3.5 Clinical relevance of metabolism-related prognostic model and its constructed genes in TCGA cohort
We conducted a clinical correlation analysis for risk score of the prognostic model to further understand the influence of metabolic reprogramming on the clinical prognosis of HCC patients. The results showed that risk score had significant correlations with the status(p = 1.11e-06), grade(p = 0.003), stage(p = 0.014) and T(p = 0.013) in HCCs in TCGA cohort (Figs. 5a-d). The results suggested that Risk score correlates with the progression of hepatocellular carcinoma.
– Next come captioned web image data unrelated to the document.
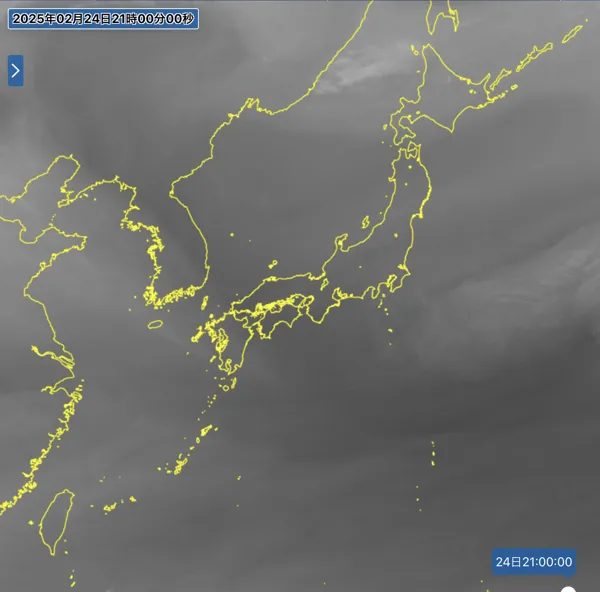 2025年2月24日21時の日本周辺の衛星水蒸気画像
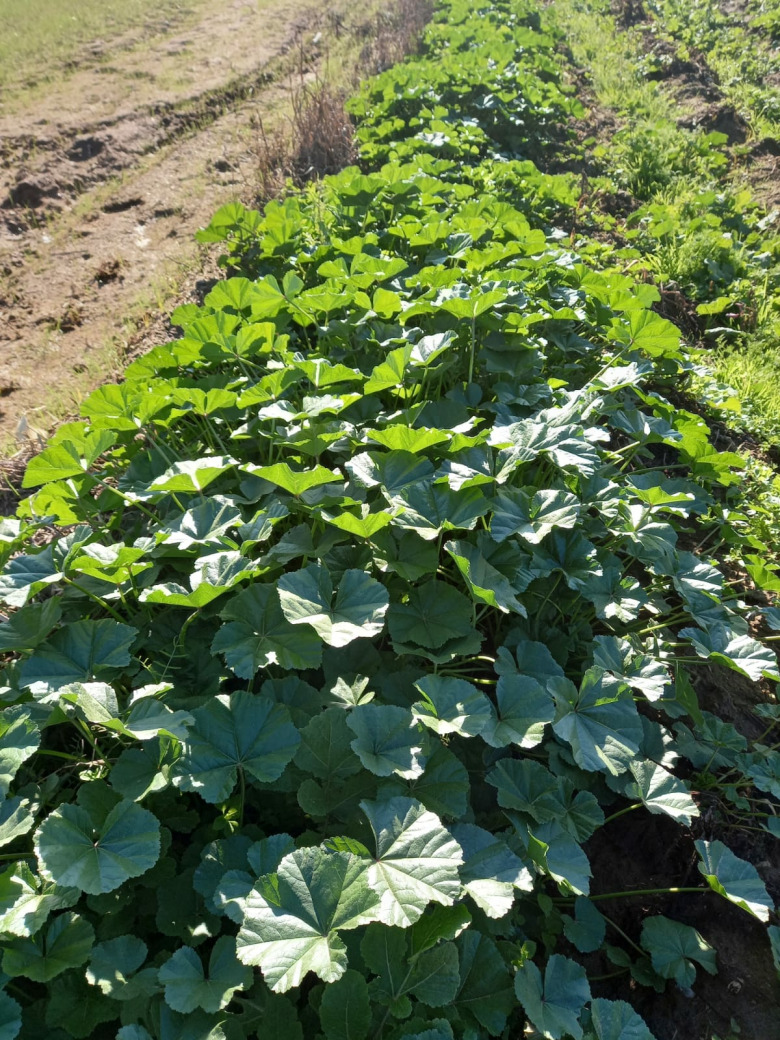 Ebegümeci Organik Taze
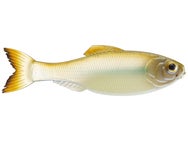 6th Sense Panorama Shad
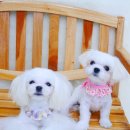 도리도리펫샵 이미지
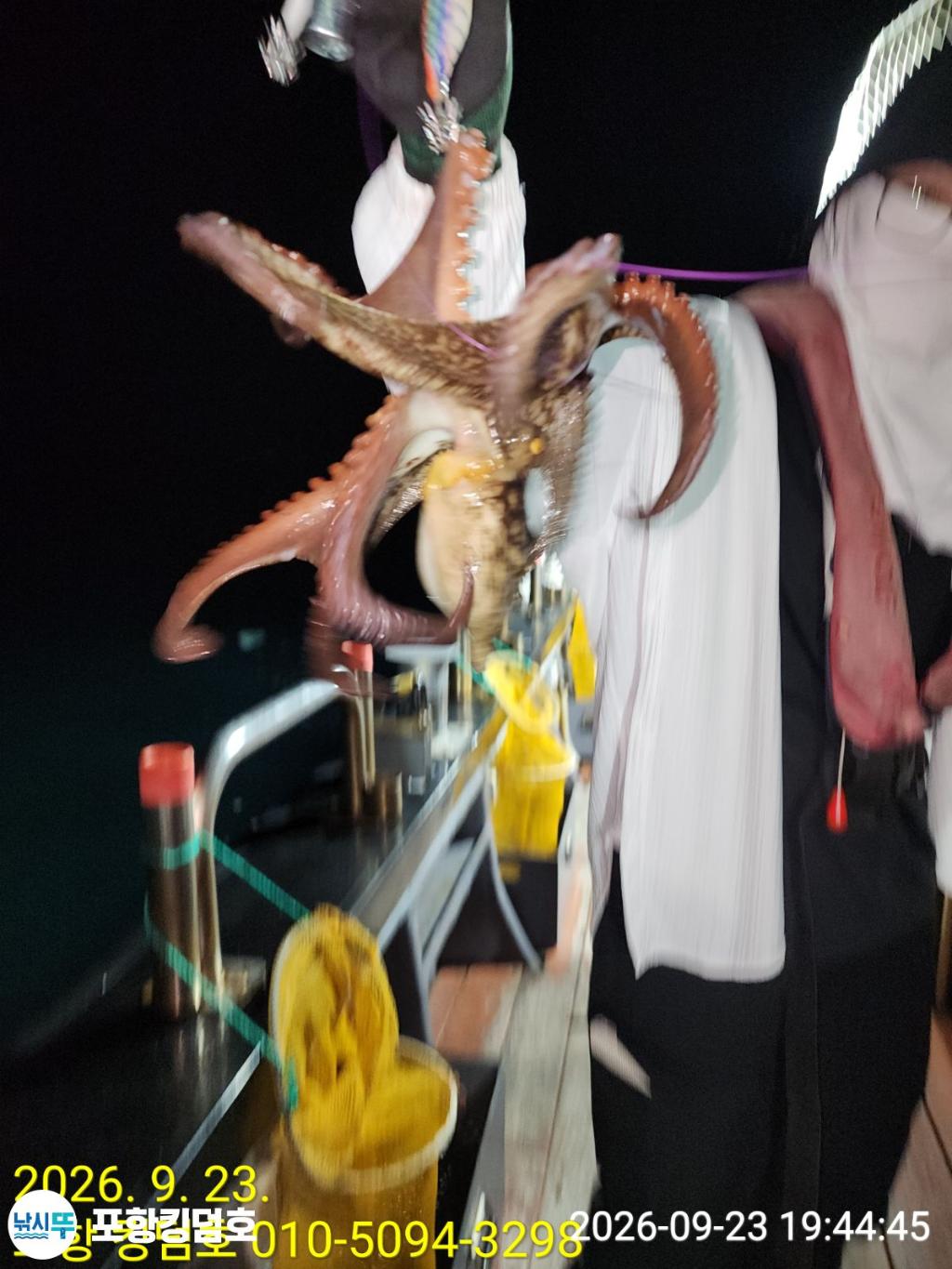 낚시뚜,돌문어,영일만항,포항 킹덤호,낚시뚜36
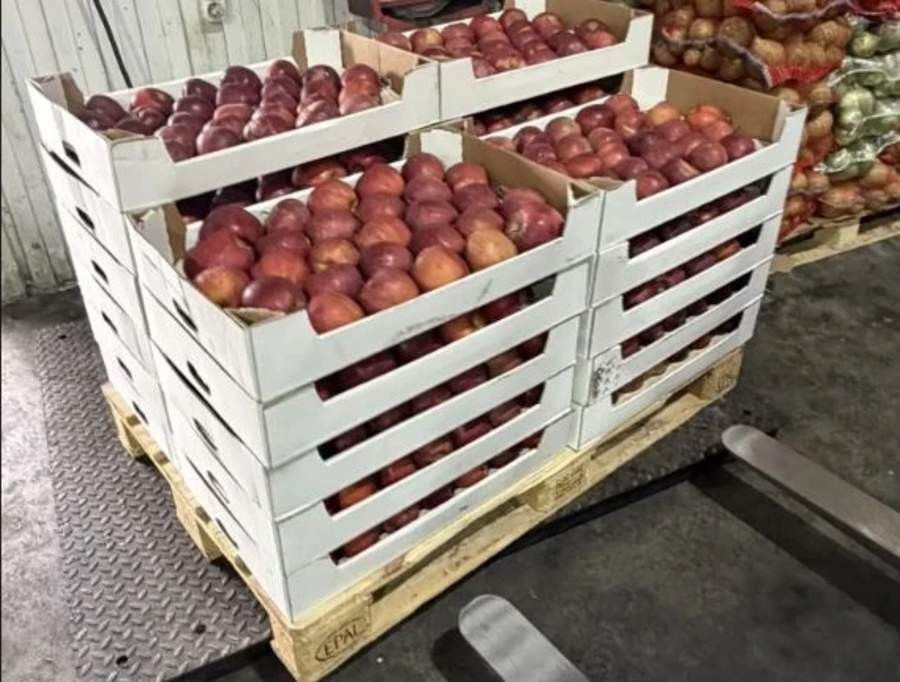 Красраб. Сибирский новостной портал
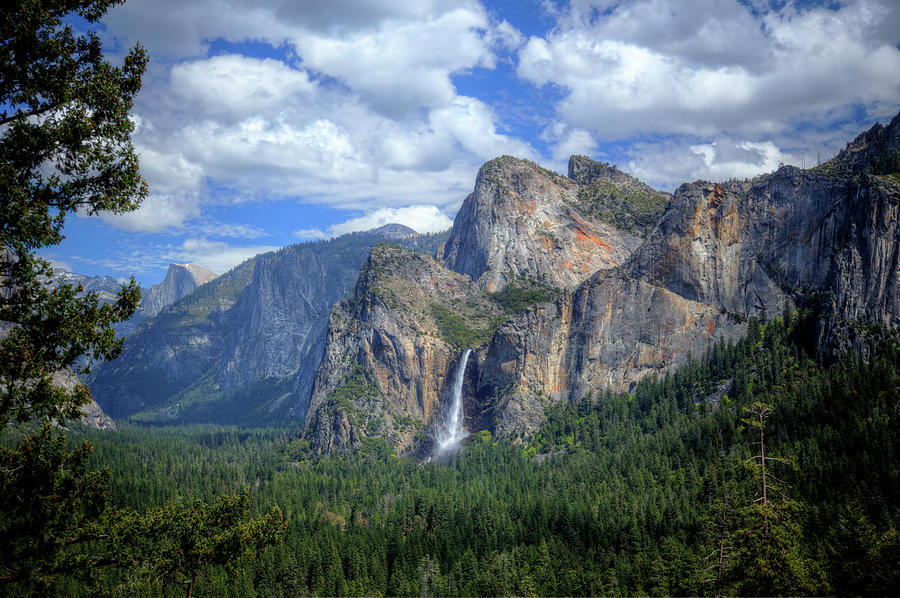 Yosemite Park Photograph by John Cutler
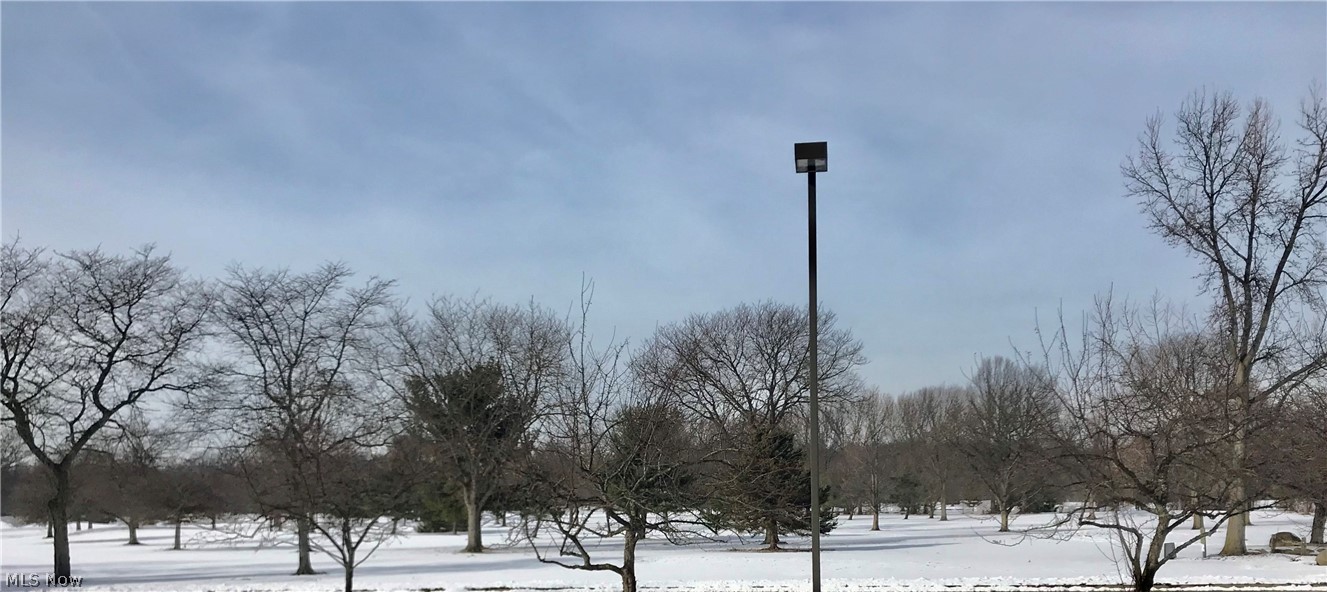 29844 Center Ridge Road, Unit 203 Westlake, OH 44145 - Photo 25 of 25 Beautiful views of Meadowood golf course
And a higher risk score indicates a higher degree of malignancy in HCC. Therefore, metabolic alterations are closely related to the clinical prognosis of HCC patients.
3.6 The role of risk score in the prognosis of HCC patients stratified by clinicopathological variables
To explore the prognostic value of risk score in HCC patients stratified by different clinicopathological variables, we stratified HCC patients by age, sex, grade, stage and TNM stage. The results showed that the high-risk group had a poor prognosis among patients stratified by different clinical variables (Fig. 6). These results suggested that metabolism-related prognostic risk score was not limited by clinicopathological variables in predicting the prognosis of HCC patients.
3.7 Correlation between metabolism-related genes and tumor immunity in the TCGA HCC cohort.
Since our analysis found that there was a significant correlation between the expression of metabolism-related risk genes and immune-related genes, we further analyzed the metabolic alterations in the high and low immune-rating groups (Supplementary Figs. S4a,b). And we found that risk score was significantly higher in the low immune group than in the high immune group (Supplementary Fig. S4e). There were 23 metabolism-related genes overexpressed in the high immune score group, while 37 in the low immune score group (FDR < 0.05 and |log2 FC| > 1, Supplementary Figs.S4c,d). By GO and KEGG analyses, it was found that the metabolic genes in the high immune score group were mainly involved in the organophosphate biosensitization and arachidonic acid signaling pathway, et al. While in the low immune score group, the metabolic genes were mainly enriched in lipid biosensitization, glutathione metabolism and so on (Figs. 7a,b). We also found that there was a close relationship between metabolism-related genes and tumor immune infiltration, especially in the high immune score group (Supplementary Fig.S5). We speculated that metabolism-related genes may indirectly regulate tumor immunity through metabolic alterations to some extent, thus affecting the prognosis of HCC patients.